DALLAS — A local branch of the IRS’ Tax Exempt and Government Entities Division is looking into the Clinton Foundation, according to the Dallas Observer.
This IRS review of the embattled charity has gone under the radar screen this election season, but it is definitely making waves.
Unfortunately, the Observer reports the IRS investigation will most likely not be complete before the November 8 election, but it could impact the first term of a Hillary Clinton presidency if she wins.
In Washington, D.C., many things start with words printed on congressional letterhead. Earlier this year, 64 GOP members of Congress asked the IRS to investigate why the foundation can keep its nonprofit status. The letter includes “media reports” claiming pay-to-play relationships between former President Bill Clinton, who received large speaking fees, and decisions made by Hillary Clinton to approve choices that benefited foundation donors. The sources of these reports range from The New York Times to hit-piece investigative books.
In July, the IRS sent letters back to the Congress informing members the review had begun. The letter also noted that the Tax Exempt and Government Entities Division (TE/GE) office in Dallas would be conducting the review.
IRS spokespeople in Dallas and Washington won’t say why the review is being conducted in Dallas. Spokespeople claim even this information would violate rules — Code 6103, staff make sure to cite — that stop them from discussing ongoing examinations. IRS officials declined to provide details about the Dallas office, including its size, or comment on the TE/GE work in general.
On its website, the Tax Exempt and Government Entities Division refers the operators of nonprofits as “customers.” Their mission statement is: “To provide our customers top quality service by helping them understand and comply with applicable tax laws and to protect the public interest by applying the tax law with integrity and fairness to all.”
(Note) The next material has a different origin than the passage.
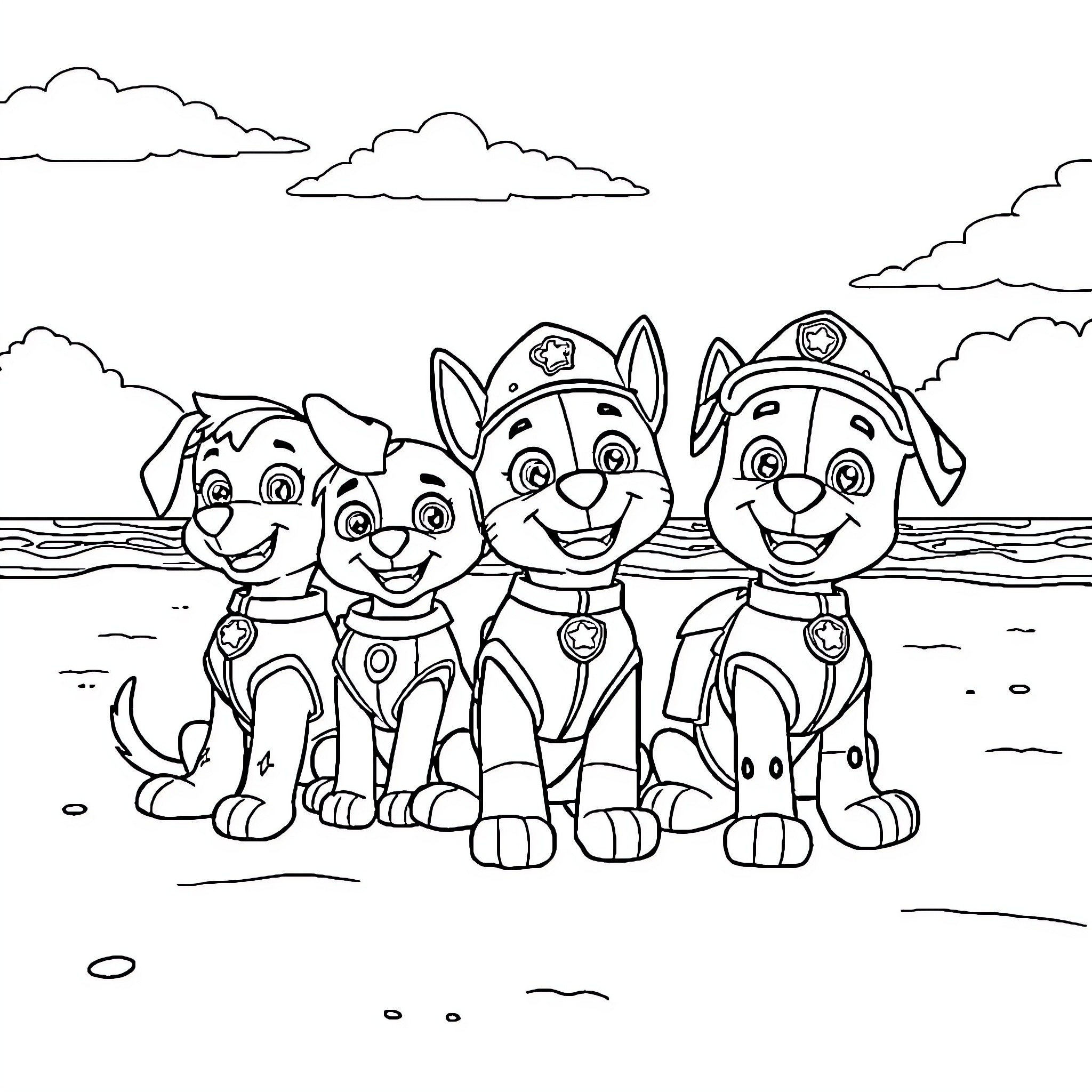 Paw Patrol Team Assemble for Adventure Coloring Page (free black-and-white line drawing printable PDF for all, from beginners to advanced learners, including children, teens, adults, and seniors)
But the office does have a mandate to review claims of exemption, including conducting “examinations to identify and address non-compliance” like the one underway with the Clinton Foundation. One IRS document called the “Tax Exempt and Government Entities Fiscal Year 2017 Work Plan” gives a more complete picture. “Filing, organizational and operational and employment tax numbered among the top issues the Exempt Organizations Examinations group uncovered in its 4,984 examinations in 2016,” it says. “The filing issues primarily involved verifying exempt activities and securing delinquent returns.”